POSCO International dan LG CNS telah meluncurkan proyek percontohan untuk tokenisasi piutang dagang yang ada di blockchain Injective, yang menjadi salah satu uji coba aset riil paling canggih di Korea Selatan. Perusahaan-perusahaan tersebut melaporkan bahwa proyek ini menggunakan data komersial riil dari anak perusahaan luar negeri POSCO International, bukan data uji.
POSCO International, salah satu perusahaan perdagangan terbesar di Korea Selatan, melaporkan pendapatan sebesar US$22,2 miliar dan mengelola lebih dari 80 cabang luar negeri di bidang produksi baja, energi, dan bahan baterai. LG CNS, unit TI LG Group, adalah salah satu perusahaan teknologi terbesar di Korea dan pada Februari 2025 melakukan penawaran umum perdana (IPO) terbesar di negara tersebut sejak 2022.
Dalam proyek percontohan ini, piutang dagang POSCO International diterbitkan sebagai token akses terbatas di blockchain Injective. Pihak-pihak yang berwenang dapat memiliki dan mentransfer aset-aset ini, dan penyelesaian dilakukan secara on-chain di bawah kendali unit keuangan POSCO International.
Menurut pernyataan pers, saat ini piutang dagang dilacak secara terpisah oleh anak perusahaan, bank, dan rekanan, yang memperlambat proses rekonsiliasi dan menunda akses ke kas. Dengan menempatkan piutang dalam buku besar bersama, catatan menjadi satu entitas, dan aturan kepatuhan regulasi dibawa bersama token, memastikan pemeriksaan yang konsisten di berbagai yurisdiksi.
Injective dipilih alih-alih blockchain tujuan umum karena modul aset riilnya memastikan kepatuhan regulasi pada tingkat protokol. Verifikasi identitas dan aturan yang menentukan siapa yang dapat memiliki atau memindahkan aset disediakan oleh rantai itu sendiri.

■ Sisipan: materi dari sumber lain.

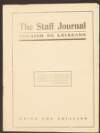 Copies of 'The Staff Journal : Ogláigh na hÉireann' Vol. I. No. I,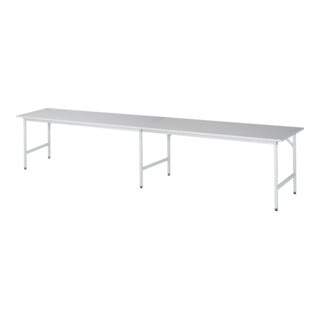 Rau Table de travail Jerry réglable en hauteur, L4000xP800xH800-850mm, plateau M 22mm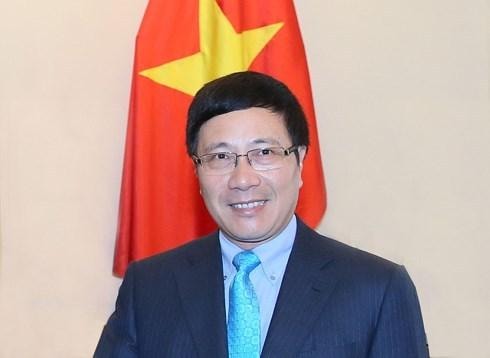 Uỷ viên Bộ Chính trị, Phó Thủ tướng Chính phủ, Bộ trưởng Bộ Ngoại giao Phạm Bình Minh (Ảnh: Lao Động)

Jaringan ini melakukan finalisasi transaksi secara instan, menghasilkan blok dalam waktu kurang dari satu detik, dan menggunakan buku pesanan bawaan yang dirancang untuk mencegah front-running—fitur-fitur yang menurut perusahaan-perusahaan tersebut diperlukan saat mentokenisasi klaim yang mewakili utang kas riil.
"Proyek percontohan ini penting karena telah mengonfirmasi penerapan teknologi kecerdasan buatan dan blockchain berdasarkan data dan proses perdagangan yang riil," kata perwakilan POSCO International. "Pada paruh kedua tahun ini, kami berencana untuk menyempurnakan struktur operasi percontohan, berfokus pada area-area di mana peningkatan efisiensi operasional telah dikonfirmasi, dan akan menerapkannya secara bertahap dalam praktik bisnis nyata."
LG CNS telah menyediakan infrastruktur untuk mata uang digital bagi lebih dari 220 pemerintah daerah, berkontribusi pada proyek percontohan Bank of Korea untuk mata uang digital bank sentral (CBDC), dan mengelola platform token keamanan untuk KOSCOM dan Mirae Asset Securities. Pada Maret 2026, mereka menjalin kemitraan dengan Palantir bertujuan untuk menerapkan kecerdasan buatan korporat di dalam LG Group.
Tahun ini, proses tokenisasi perusahaan telah mengalami percepatan secara global. Platform Kinexys milik JPMorgan telah memproses transaksi senilai lebih dari US$3 triliun, sementara Citi bersama Wellington Management dan Wisdomtree telah menguji tokenisasi pasar swasta di rantai publik. Korea tetap menjadi salah satu pasar paling aktif, dengan POSCO International dan LG CNS memperluas model ini ke piutang dagang yang menjadi dasar perdagangan global.
Perusahaan-perusahaan tersebut menyatakan bahwa tujuan mereka adalah membangun infrastruktur perdagangan terpadu di antara semua anak perusahaan, di mana penyelesaian dilakukan lebih cepat daripada siklus multi-hari saat ini, dan kepatuhan regulasi dipastikan terlepas dari batas-batas negara.
"Injective dibangun agar transaksi keuangan yang diatur dapat berlangsung di blockchain, dan proyek percontohan dengan skala seperti ini adalah tepat untuk apa Injective dirancang," kata Eric Chen, Co-founder Injective. "Fakta bahwa perusahaan perdagangan terbesar Korea Selatan dan LG CNS memilih Injective untuk menangani piutang dagang riil menunjukkan kemampuan Injective untuk membawa pasar modal riil ke dalam blockchain."